Required work –
Please print all of the records shown below, exactly as given.

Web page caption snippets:
◆ ◆ ◆ ◆ ◆

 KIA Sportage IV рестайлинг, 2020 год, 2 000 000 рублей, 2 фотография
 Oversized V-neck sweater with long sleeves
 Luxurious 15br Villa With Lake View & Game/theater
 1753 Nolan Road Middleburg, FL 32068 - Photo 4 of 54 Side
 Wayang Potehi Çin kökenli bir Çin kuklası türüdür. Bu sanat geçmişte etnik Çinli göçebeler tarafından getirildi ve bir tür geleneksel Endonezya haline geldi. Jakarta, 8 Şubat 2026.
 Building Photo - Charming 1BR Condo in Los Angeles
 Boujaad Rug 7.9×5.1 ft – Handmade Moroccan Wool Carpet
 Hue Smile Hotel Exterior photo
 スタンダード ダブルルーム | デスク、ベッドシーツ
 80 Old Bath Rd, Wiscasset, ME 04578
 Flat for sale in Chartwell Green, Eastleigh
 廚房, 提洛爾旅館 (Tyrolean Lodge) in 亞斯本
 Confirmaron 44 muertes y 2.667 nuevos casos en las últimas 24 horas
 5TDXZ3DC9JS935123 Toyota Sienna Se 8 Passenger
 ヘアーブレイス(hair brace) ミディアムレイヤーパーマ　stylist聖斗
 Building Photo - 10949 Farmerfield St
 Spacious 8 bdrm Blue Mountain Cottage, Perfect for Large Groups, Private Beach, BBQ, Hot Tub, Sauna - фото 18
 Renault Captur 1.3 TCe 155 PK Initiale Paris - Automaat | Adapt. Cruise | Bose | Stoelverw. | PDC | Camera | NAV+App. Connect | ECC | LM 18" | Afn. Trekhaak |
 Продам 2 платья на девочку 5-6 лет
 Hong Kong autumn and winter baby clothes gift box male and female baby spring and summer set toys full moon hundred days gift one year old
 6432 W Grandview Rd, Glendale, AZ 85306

◆ ◆ ◆ ◆ ◆

Expected output –
 KIA Sportage IV рестайлинг, 2020 год, 2 000 000 рублей, 2 фотография
 Oversized V-neck sweater with long sleeves
 Luxurious 15br Villa With Lake View & Game/theater
 1753 Nolan Road Middleburg, FL 32068 - Photo 4 of 54 Side
 Wayang Potehi Çin kökenli bir Çin kuklası türüdür. Bu sanat geçmişte etnik Çinli göçebeler tarafından getirildi ve bir tür geleneksel Endonezya haline geldi. Jakarta, 8 Şubat 2026.
 Building Photo - Charming 1BR Condo in Los Angeles
 Boujaad Rug 7.9×5.1 ft – Handmade Moroccan Wool Carpet
 Hue Smile Hotel Exterior photo
 スタンダード ダブルルーム | デスク、ベッドシーツ
 80 Old Bath Rd, Wiscasset, ME 04578
 Flat for sale in Chartwell Green, Eastleigh
 廚房, 提洛爾旅館 (Tyrolean Lodge) in 亞斯本
 Confirmaron 44 muertes y 2.667 nuevos casos en las últimas 24 horas
 5TDXZ3DC9JS935123 Toyota Sienna Se 8 Passenger
 ヘアーブレイス(hair brace) ミディアムレイヤーパーマ　stylist聖斗
 Building Photo - 10949 Farmerfield St
 Spacious 8 bdrm Blue Mountain Cottage, Perfect for Large Groups, Private Beach, BBQ, Hot Tub, Sauna - фото 18
 Renault Captur 1.3 TCe 155 PK Initiale Paris - Automaat | Adapt. Cruise | Bose | Stoelverw. | PDC | Camera | NAV+App. Connect | ECC | LM 18" | Afn. Trekhaak |
 Продам 2 платья на девочку 5-6 лет
 Hong Kong autumn and winter baby clothes gift box male and female baby spring and summer set toys full moon hundred days gift one year old
 6432 W Grandview Rd, Glendale, AZ 85306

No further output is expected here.